AGBs

Zuletzt aktualisiert am 25.04.2024

§1 Vertragsgegenstand und Leistungen
  1. Die Hanseatic Properties ELB GmbH, nachfolgend “Auftragnehmer” genannt, erbringt Dienstleistungen im Bereich der Immobilienverwaltung. Der Vertragsgegenstand umfasst insbesondere die Verwaltung von vermieteten Wohnungen, die Verwaltung von Wohnungseigentümergemeinschaften (WEG) sowie die Erbringung von Immobilienmaklerleistungen.

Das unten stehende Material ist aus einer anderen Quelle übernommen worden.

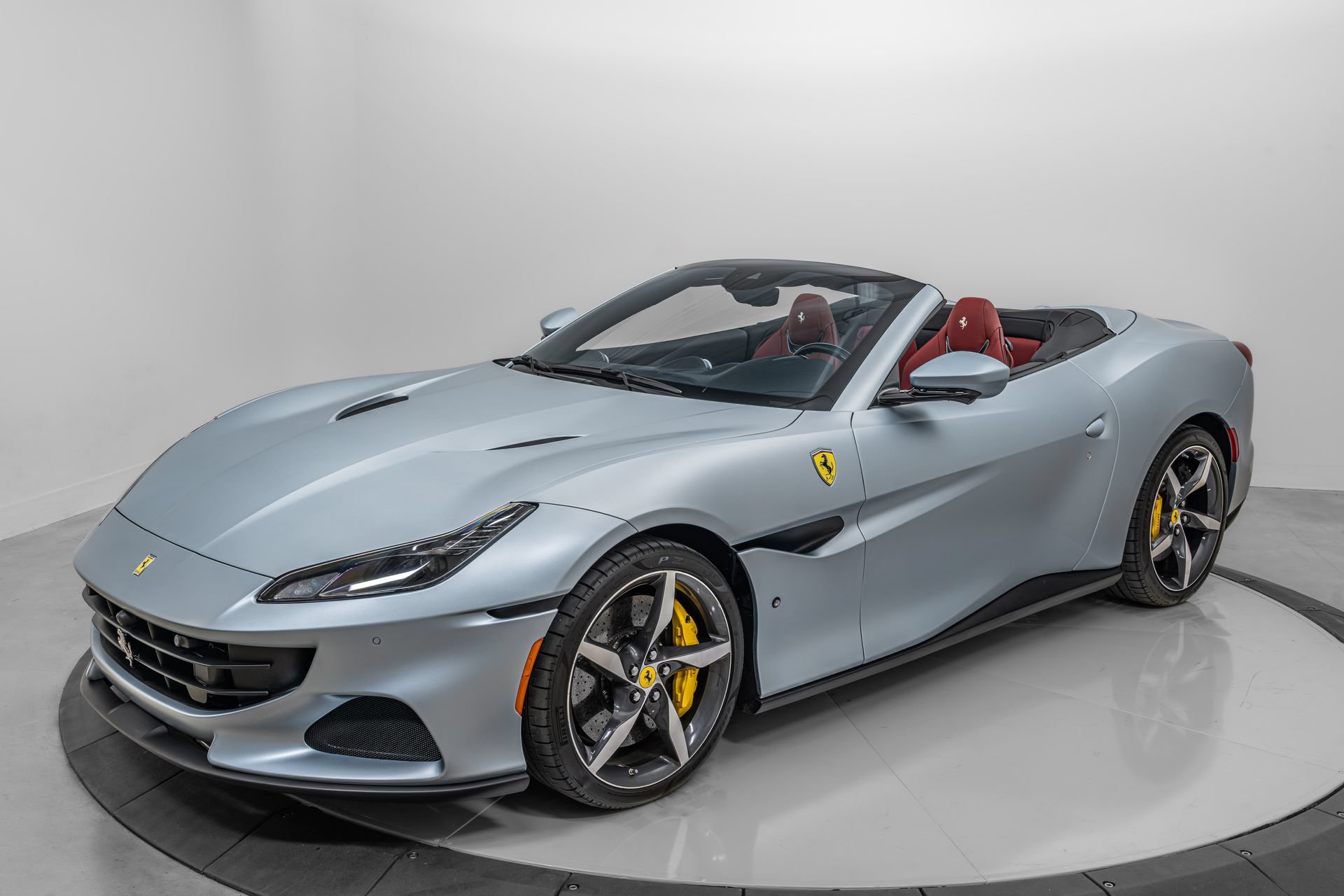 Certified 2023 Ferrari Portofino M RWD image 12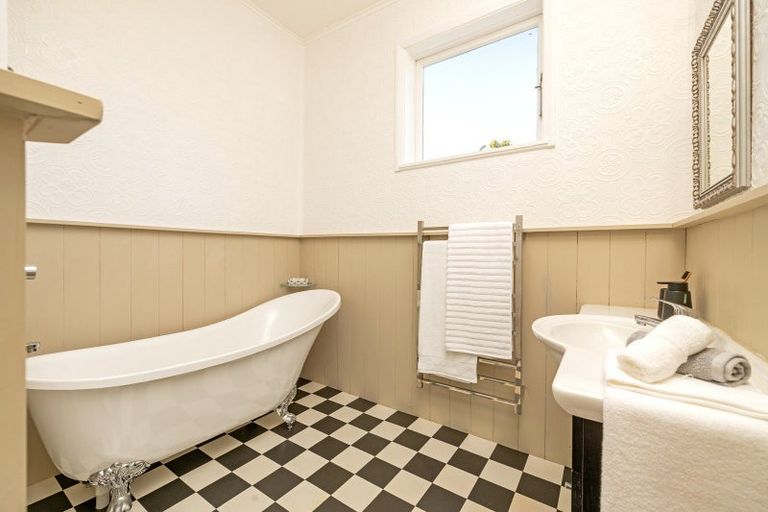 Photo of property in 98 Cole Street, Masterton, 5810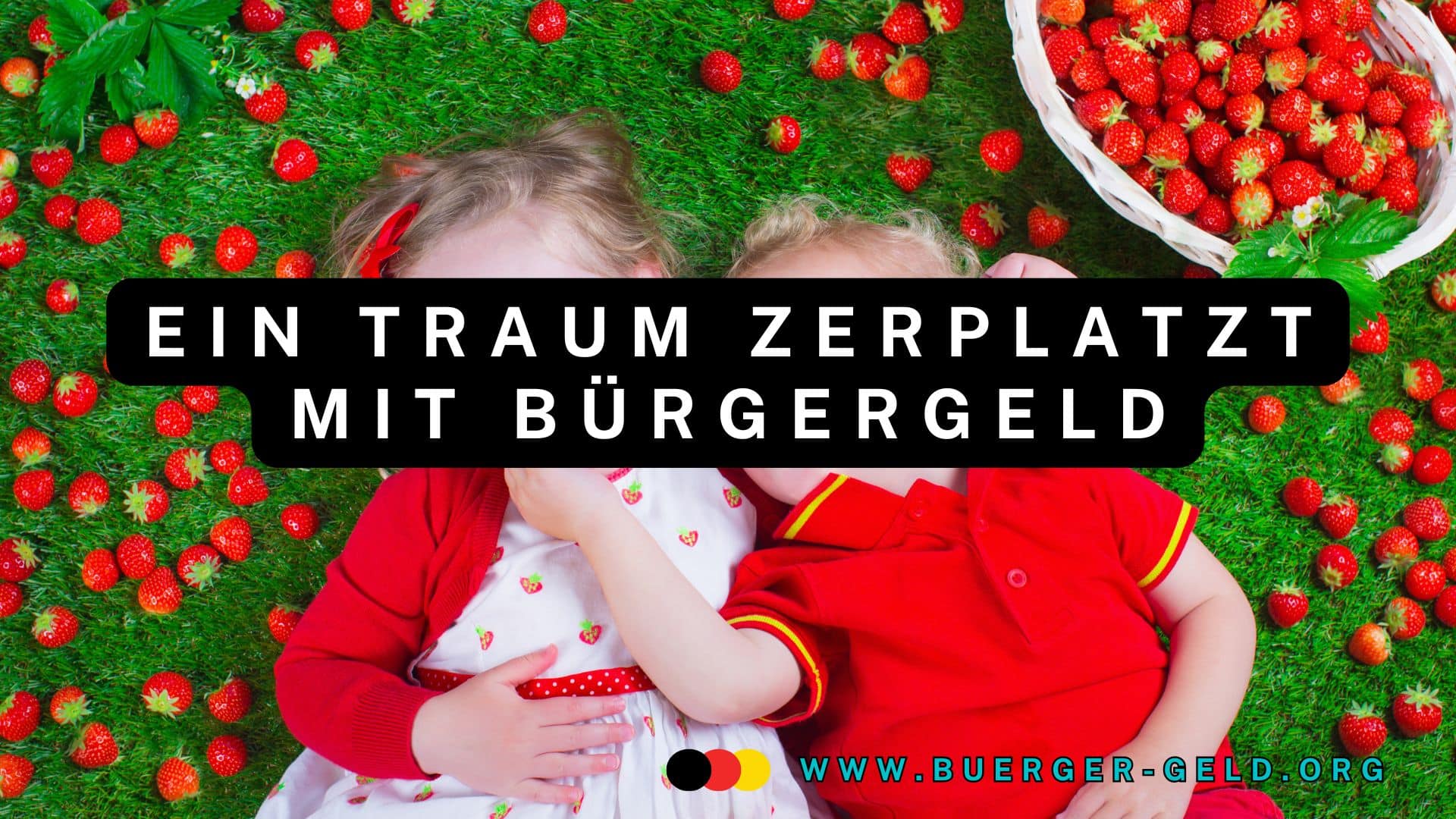 Kinder liegen im Gras mit Erdbeeren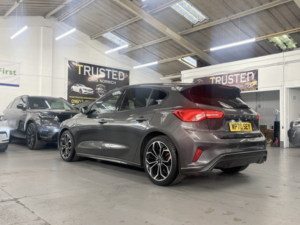 2020 Ford Focus 1.5 Ecoblue St-Line X in Grey — image 4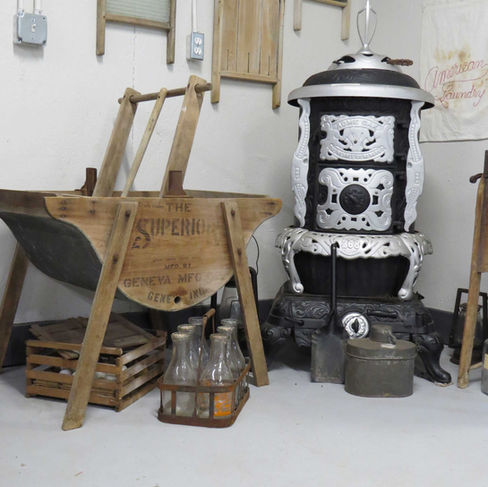 tools, photos, paintings, and household items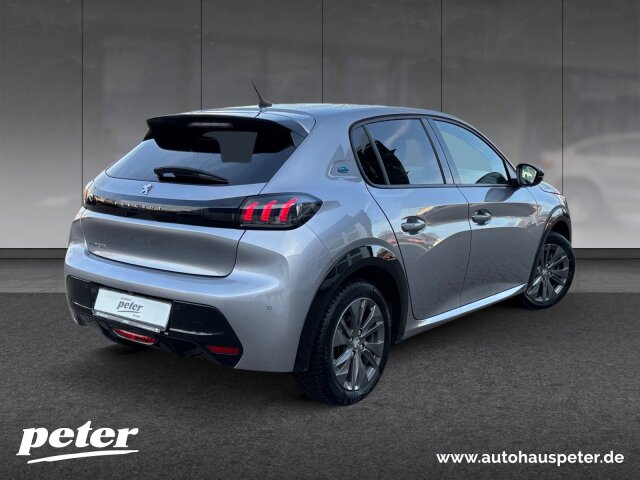 Peugeot e208 136 Allure Pack 11 KW Charger+Navi+SHZ+EPH Peugeot e208 136 Allure Pack 11 KW Charger+Navi+SHZ+EPH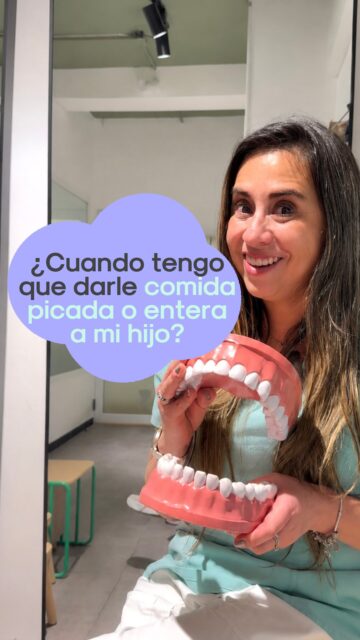 ¿Cuándo debería empezar a darle comida picada o entera a mi hijo? 👶🥦  La Dra. @dra_pia_castillo_ odontopediatra de Clínica Santablanca y Club Ratón Pérez Valdivia, nos cuenta 5 recomendaciones para entender por qué es importante comenzar cuanto antes y cómo este proceso también influye en el desarrollo oral de los niños.  Quédate a ver el video y cuéntanos: ¿se te ocurre otra recomendación? 🐭🦷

  2. Die genauen Leistungen und Pflichten ergeben sich aus den zwischen den Vertragsparteien im Einzelfall geschlossenen Vereinbarungen, insbesondere aus individuellen Auftragserteilungen oder Dienstleistungsverträgen.

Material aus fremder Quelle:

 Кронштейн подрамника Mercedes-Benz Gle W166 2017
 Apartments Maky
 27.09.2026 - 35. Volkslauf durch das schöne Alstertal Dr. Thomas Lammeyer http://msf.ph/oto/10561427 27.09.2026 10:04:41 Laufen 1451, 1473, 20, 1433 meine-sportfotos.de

  3. Der Auftragnehmer verpflichtet sich, die vereinbarten Dienstleistungen gewissenhaft und fachgerecht auszuführen. Änderungen oder Erweiterungen der Leistungen bedürfen der Vereinbarung in Textform zwischen den Vertragsparteien.

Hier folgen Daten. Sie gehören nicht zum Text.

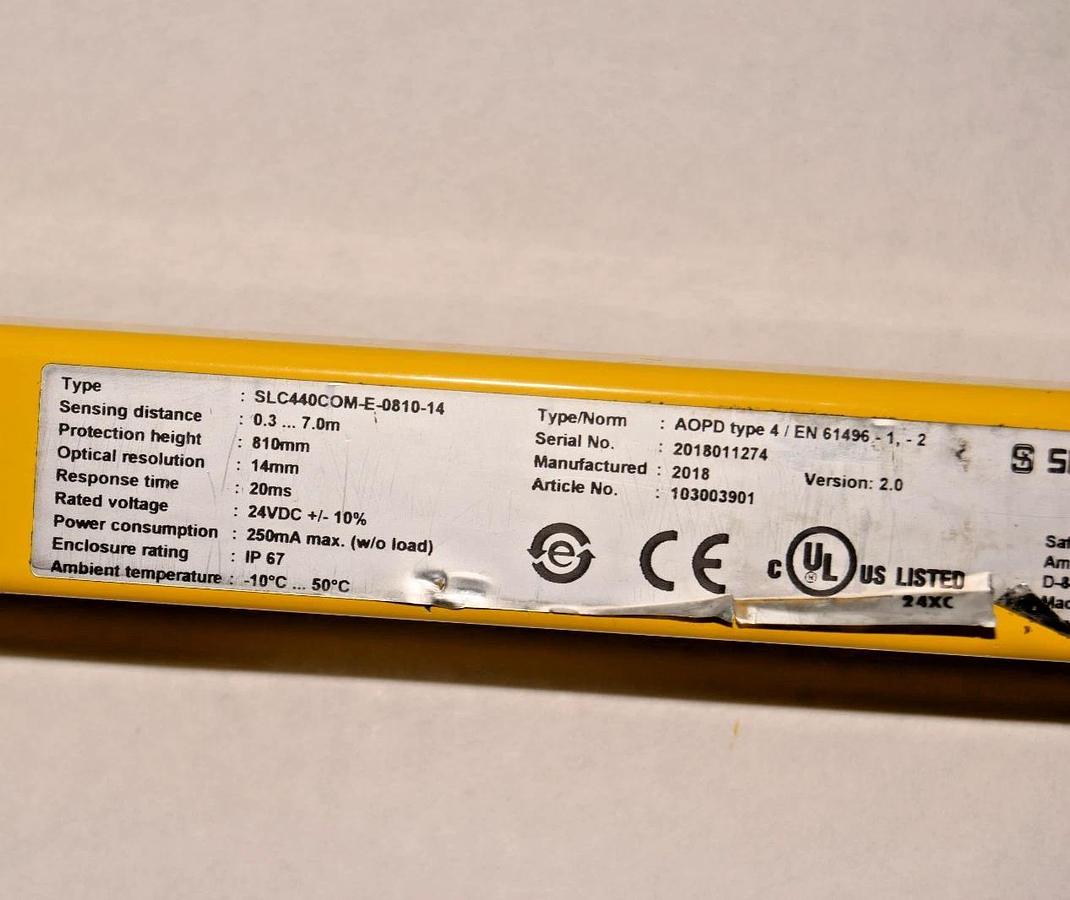 Used Schmersal Safety Light Curtain SLC440COM-E-0810-14 Emitter .3-7.0m 24VDC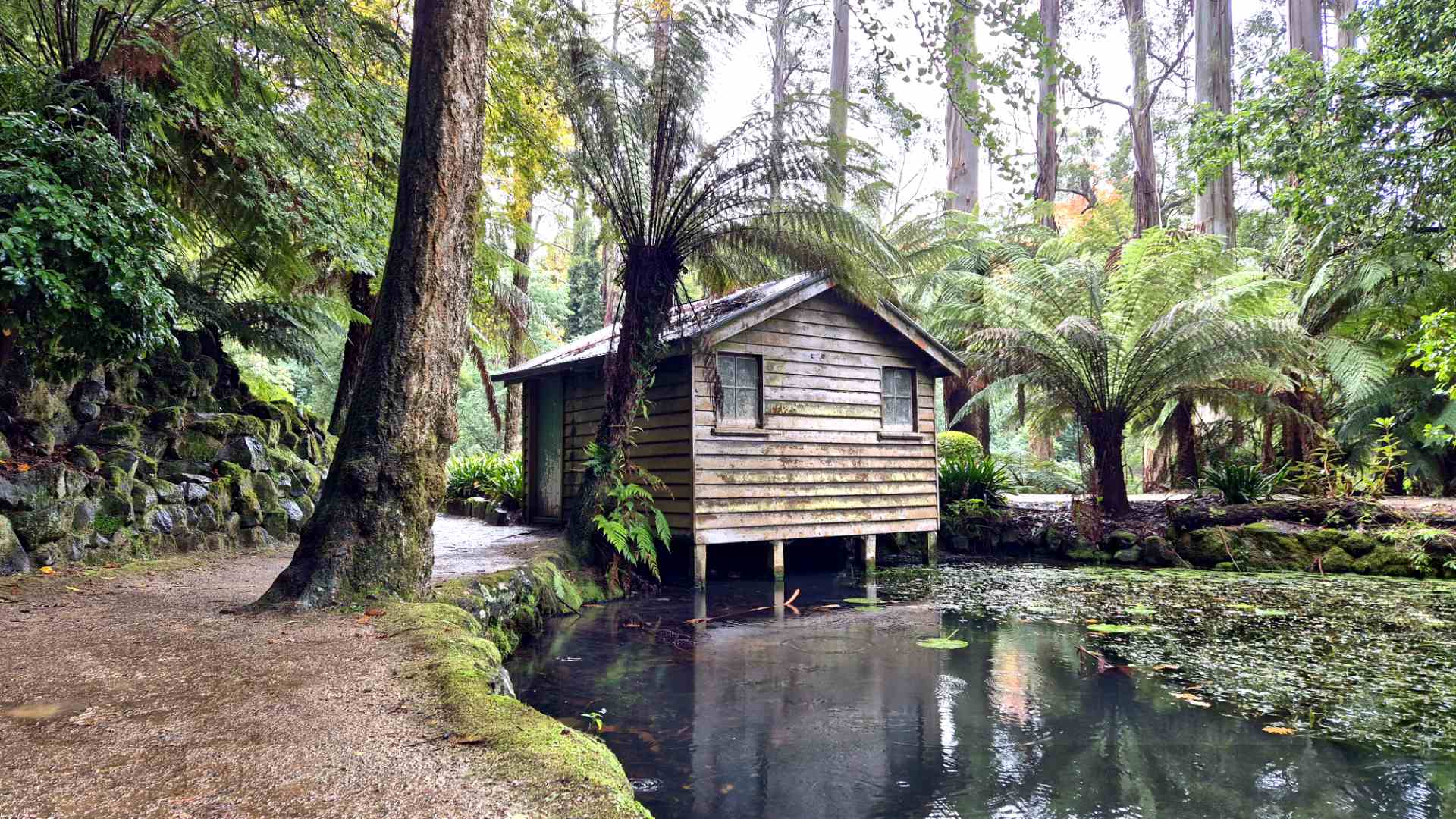 Alfred Nicholas Memorial Gardens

  4. Die Auftragnehmerin behält sich das Recht vor, im Rahmen technischer und rechtlicher Erfordernisse Anpassungen und Änderungen an den angebotenen Dienstleistungen vorzunehmen, sofern hierdurch die vertraglich geschuldeten Hauptleistungen nicht beeinträchtigt werden.
§2 Vertragsdauer und Kündigung
  1. Der Vertrag wird auf unbestimmte Zeit geschlossen, sofern nicht ausdrücklich eine abweichende Vertragslaufzeit in Textform vereinbart wurde.
  2. Beide Vertragsparteien haben das Recht, den Vertrag aus wichtigem Grund fristlos zu kündigen. Ein wichtiger Grund liegt insbesondere vor, wenn eine Vertragspartei gegen wesentliche Vertragspflichten verstößt oder wenn die wirtschaftliche Grundlage des Vertrags nachhaltig gestört ist.
  3. Kündigungen bedürfen zu ihrer Wirksamkeit der Textform.
  4. Bei Beendigung des Vertrags, aus welchem Grund auch immer, ist der Auftragnehmer verpflichtet, alle ihm anvertrauten Unterlagen, Informationen und Vermögenswerte an den Auftraggeber herauszugeben und eventuell erstellte Kopien zu vernichten.
  5. Unberührt bleiben gesetzliche Kündigungsrechte und -fristen, insbesondere im Falle von Verträgen mit Verbrauchern.
§3 Honorar und Zahlungsbedingungen
  1. Für die Erbringung der vereinbarten Dienstleistungen ist der Auftraggeber verpflichtet, das vereinbarte Honorar an den Auftragnehmer zu zahlen.
  2. Das Honorar wird gemäß den individuellen Vereinbarungen zwischen den Vertragsparteien oder gemäß der zum Zeitpunkt der Leistungserbringung gültigen Preisliste des Auftragnehmers berechnet.
  3. Die Zahlung des Honorars erfolgt innerhalb von 14 Tagen nach Rechnungsstellung auf das vom Auftragnehmer angegebene Bankkonto.
  4. Bei Zahlungsverzug ist der Auftragnehmer berechtigt, Verzugszinsen in gesetzlicher Höhe zu berechnen.
  5. Sämtliche Zahlungen sind in der vereinbarten Währung zu leisten, sofern nicht anders in Textform vereinbart.
  6. Der Auftragnehmer ist berechtigt, die Erbringung weiterer Dienstleistungen bis zur Begleichung offener Forderungen auszusetzen.
  7. Alle genannten Preise verstehen sich zuzüglich der gesetzlichen Mehrwertsteuer.
§4 Provisionsanspruch
  1. Der Provisionsanspruch des Auftragnehmers entsteht und wird fällig, sobald durch ihre Vermittlung oder ihren Nachweis ein wirksamer Hauptvertrag über das vermittelte Objekt (Miete oder Kauf) zwischen dem Auftraggeber und einem Dritten zustande kommt.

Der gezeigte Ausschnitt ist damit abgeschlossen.